Bagikan:  

Qurban untuk Mayit, Bolehkah?

By Admin

20/07/2020

4620 kali dilihat

Melaksanakan qurban sendiri hukumnya sunnah mu’akkad ala kifayah. Dalam artian, bagi muslim, baligh, berakal dan mampu dianjurkan untuk menyembelih qurban. Sehingga jika salah satu dari anggota keluarganya telah berqurban, maka qurban itu sudah mencukupi untuk keseluruhan keluarga itu, sehingga bagi keluarga yang lainnya sudah tidak ada tuntutan untuk mengerjakan kesunnahan tersebut. Selain itu, hukum berqurban menjadi wajib jika sudah ditentukan (muayyanah) atau dinadzarkan. Penjelasan ini sesuai keterangan dalam kitab Fathul Qarib. Namun bagaimana hukumnya melaksanakan qurban untuk orang yang sudah meninggal?
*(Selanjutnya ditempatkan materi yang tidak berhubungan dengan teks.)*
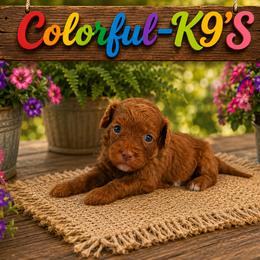 Prada - Red female Cavapoo puppy in Myrtle Beach, South Carolina from Colorful-K9'S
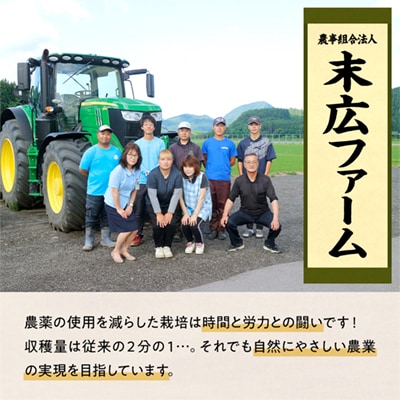 【12月発送】末広産 あきたこまち 無洗米5kg【末広ファーム】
Semisal saat orang tua dulu tidak sempat, kemudian seorang anak ingin meng-qurbankan.

Para ulama berbeda pendapat (khilaf). Menurut mayoritas Ulama Syafi’iyyah tidak diperbolehkan, karena berqurban merupakan ibadah yang hikum asalnya tidak boleh dilakukan oleh orang lain tanpa ada dalil yang mendasarinya. Keterangan tersebut terdapat di kitab Mauhibah Dzi al-Fadl karya Syaikh Mahfudz at-Turmusi Juz 4 halaman 692, sebagai berikut:

لاَ تَجُوْزُ وَلاَ تَقَعُ التَّضْحِيَّةُ مِنْ شَخْصٍ عَنْ غَيْرِهِ الْحَيِّ ِلأَ نَّهَا عِبَادَةٌ وَاْلأَصْلُ مَنْعُهَا عَنِ الْغَيْرِ إِلاَّ ِلدَلِيْلٍ

Artinya: ”Tidak boleh dan tidak akan berhasil qurban seseorang menggantikan orang lain yang masih hidup, karena qurban adalah ibadah, sedangkan hukum asal adalah tercegah beribadah dari orang lain kecuali dengan dalil".

Di samping itu, ternyata mereka tidak berwasiat, sehingga orang lain tidak dapat berqurban menggantikannya. Mereka membedakan antara berqurban dan shodaqoh, bahwa qurban menyerupai fida’ (penebusan diri), sehingga jika dilakukan oleh orang lain harus terdapat izin dari pihak yang akan dilaksanakan qurbannya, berbeda dengan shodaqoh. Sebagaimana keterangan Syaikh Mahfudz at-Tarmasi dalam halaman berikutnya (693):

وَلاَيُضْحِيْ أَحَدٌ عَنْ مَيّتٍ لَمْ يُوْصِ لِمَا مَرَّ وَفُرِّقَ بَيْنَهَا وَبَيْنَ الصَّدَقَةِ بِأَنَّهَا تُشْبِهُ الْفِدَاءَ عَنِ النَّفْسِ فَتَوَقَّفَتْ عَلَى اْلإِذْنِ بِخِلاَفِ الصَّدَقَةِ وَمِنْ ثَمَّ لاَيَفْعَلُهَا وَارِثٌ وَأَجْنَبِيٌّ عَنِ الْمَيِّتَ وَإِنْ وَجَبَتْ بِخِلاَفِ نَحْوِ حَجٍّ وَزَكَاةٍ وَكِفَارَةٍ ِلأَنَّ هذِهِ لاَ فِدَاءَ فِيْهَا فَأَشْبَهَتِ الْمَدْيُوْنُ وَلاَ كَذلِكَ التَّضْحِيَّةُ

Artinya: “Seseorang tidak boleh berqurban dari mayit yang tidak berwasiat karena alasan yang telah disebutkan. Ia dan shodaqoh dibedakan dengan; bahwa berqurban menyerupai fida’ (penebusan) diri, maka terkait dengan izin, berbeda dengan shodaqoh. Oleh karenanya, ahli waris dan orang lain tidak boleh menggantikannya, walaupun qurban wajib. Berbeda dengan semisal haji, zakat, dan kafarat, karena di dalamnya tidak terdapat unsur fida’. Hal-hal ini menyerupai hutang, sedangkan berqurban tidak.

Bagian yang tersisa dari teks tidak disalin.